Words Greg Offer
I regularly get asked to comment on scientific breakthroughs. Papers published that make bold claims about how they will change the world, or company announcements of new technology. Academic papers can sometimes be hard to reproduce, but company announcements are even harder to scrutinise. Companies don’t have to publish enough information so others can repeat their work. In fact, the exact opposite is the case – they don’t want to give away vital IP to competitors. Therefore, it becomes a difficult task to assess which advancements are going to be the next big thing and which are just marketing and investor relations.

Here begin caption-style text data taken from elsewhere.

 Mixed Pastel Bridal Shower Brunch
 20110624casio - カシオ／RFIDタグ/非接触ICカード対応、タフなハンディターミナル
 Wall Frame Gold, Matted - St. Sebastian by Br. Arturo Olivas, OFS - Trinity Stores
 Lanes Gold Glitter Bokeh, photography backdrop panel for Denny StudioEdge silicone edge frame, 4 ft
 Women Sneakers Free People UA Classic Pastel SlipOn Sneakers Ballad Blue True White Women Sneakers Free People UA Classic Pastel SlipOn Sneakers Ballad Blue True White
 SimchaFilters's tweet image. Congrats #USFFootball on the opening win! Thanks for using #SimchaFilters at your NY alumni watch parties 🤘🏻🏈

When looking at companies, I normally follow the people. Look at the key founders, and see if they have published any papers, or filed patents in their name, not just the company name. This often gives us a reasonable insight into the IP the company might have started with, but beyond that the trail can often get harder as a business mindset takes over the academic one.

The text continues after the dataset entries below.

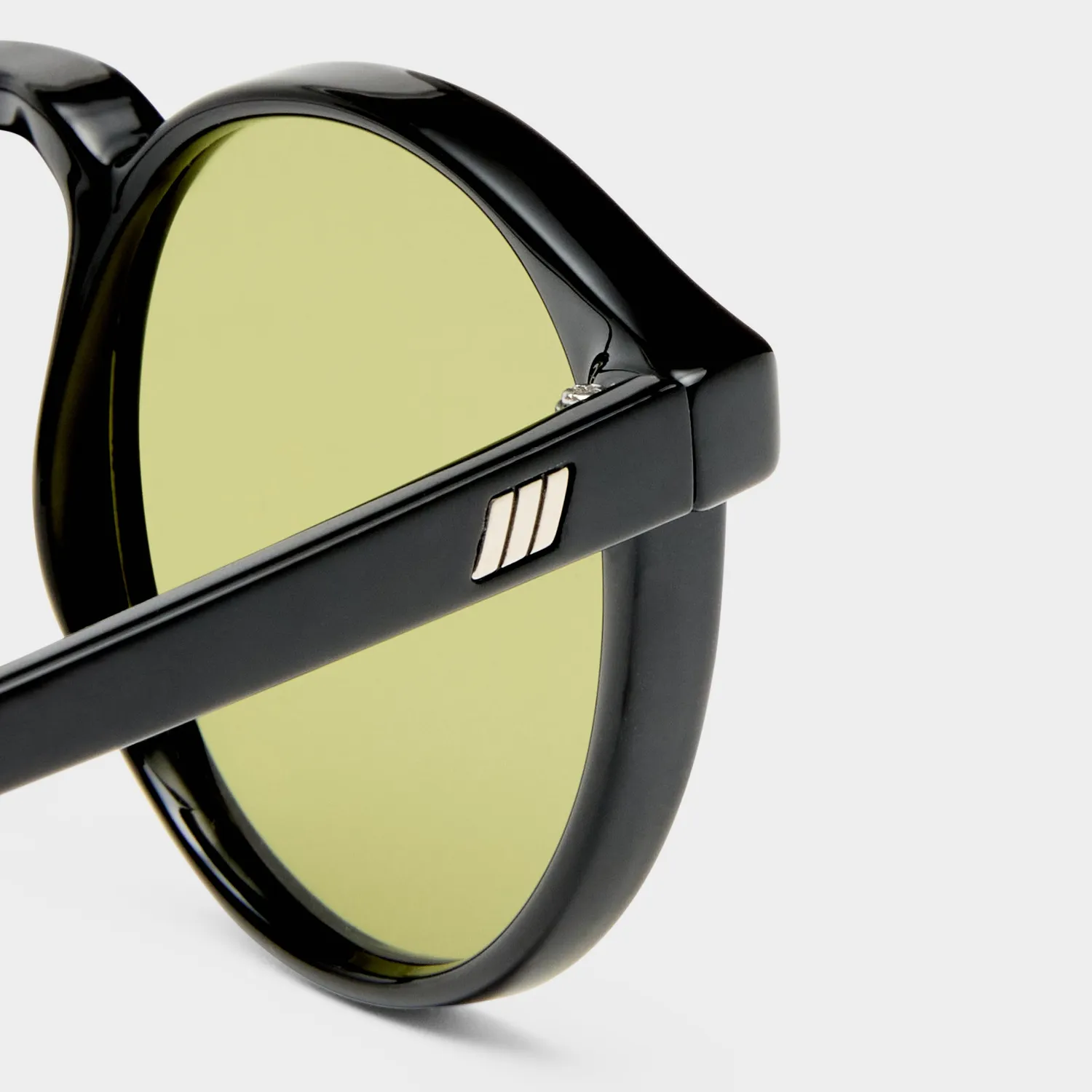 Le Specs Teen Spirit Deux occhiale da sole nero rotondo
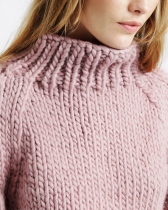 【EDEN JUMPER / PATTERN SET】シンプルでラグジュアリーなセーターの編み物パターン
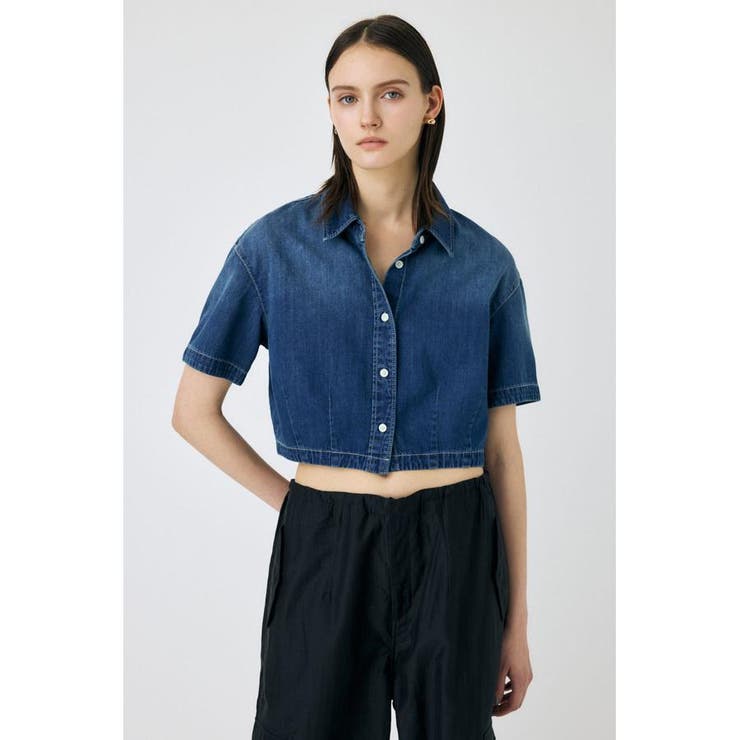 DENIM CROP シャツ | MOUSSY OUTLET | 詳細画像6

The other thing I consider is the technology readiness level (TRL), with some important caveats. With academic papers it is straightforward and reasonably safe to assume they are at TRL2, perhaps 3 but rarely further. For new materials I then apply a crude three-year rule. That it takes around three years to scale up production by an order of magnitude. Annual cathode demand exceeded 500kt in 2021 and is projected to increase by an order of magnitude by the end of the decade. Therefore, if to write a paper you need to have made 10g, it could take 15 years to make a tonne, and another 15 years to commercialize and make a 100kt a year. That’s just 2% or less of the market by the time it comes to market. To put this into context silicon was first ‘discovered’ as an anode material in the late 1990s and is finding its way into batteries at increasing proportions almost 30 years later.

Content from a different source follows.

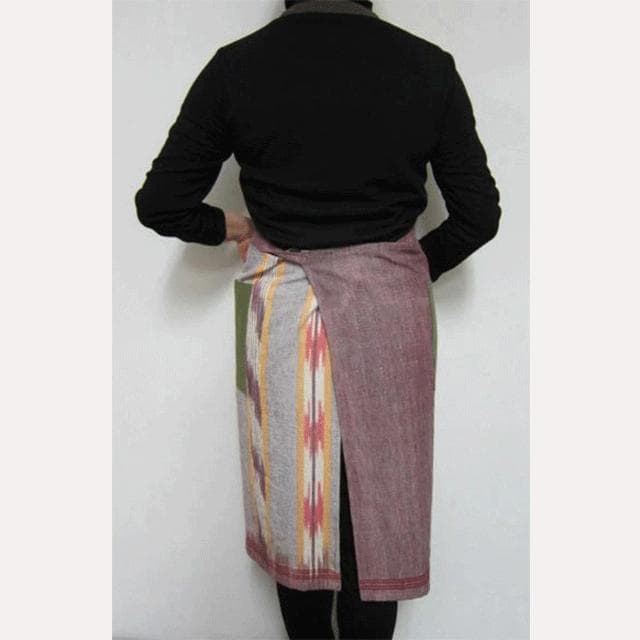 創作サロンエプロン・ ゆったりサイズ 母の日以外も嬉しい手作りをプレゼント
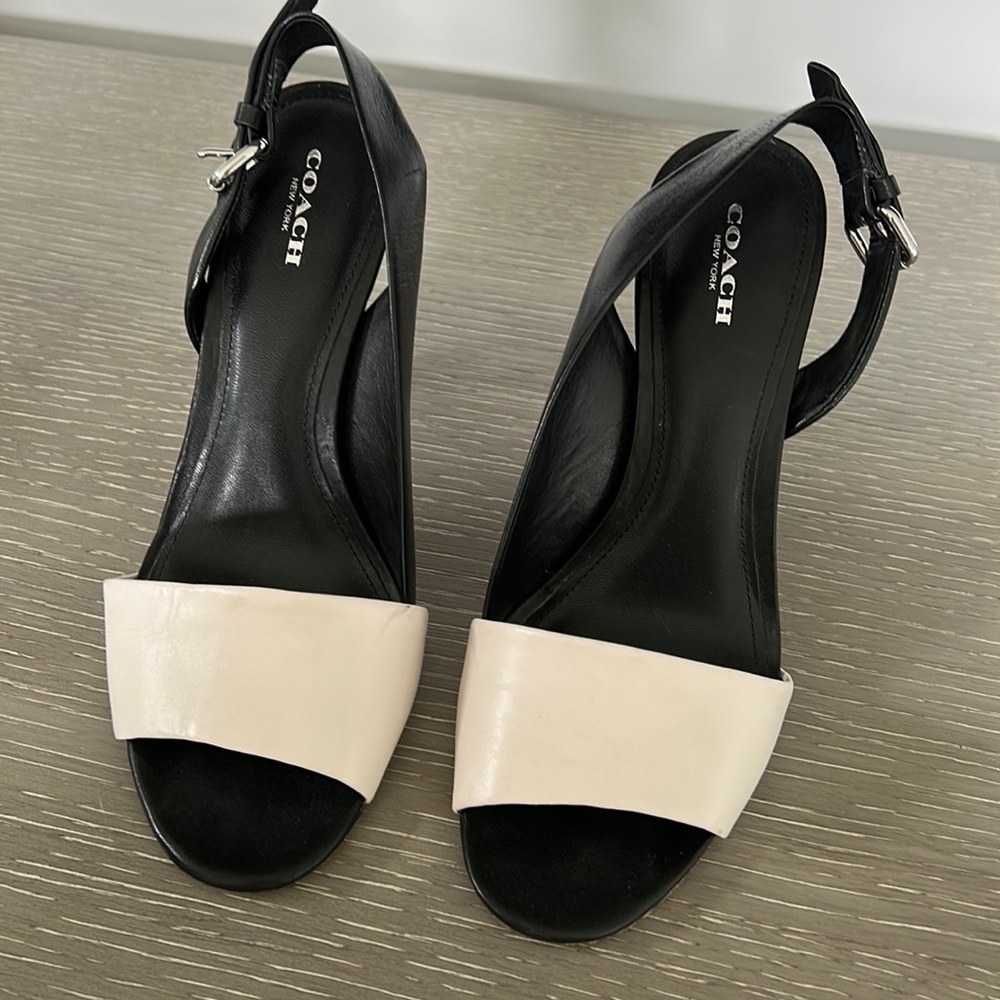 Coach sling heel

The three-year rule doesn’t apply to everything. Some technologies can be scaled up quicker, such as changes to manufacturing processes particularly if they are modifications to existing processes rather than requiring new technologies. This is a challenge facing solid state batteries, in addition to meeting the challenge of scaling up the volume of materials available. I predict that the successful companies are most likely to be those that can adapt existing manufacturing processes rather than innovate entirely new ones.
However, possibly the most exciting, with the fastest route to market, is software. Incumbents like Tesla have been doing over-the-air software upgrades since they started. It is possible to go from a new battery control software, after a few years testing, to a widespread rollout across millions of vehicles or devices, within a few years.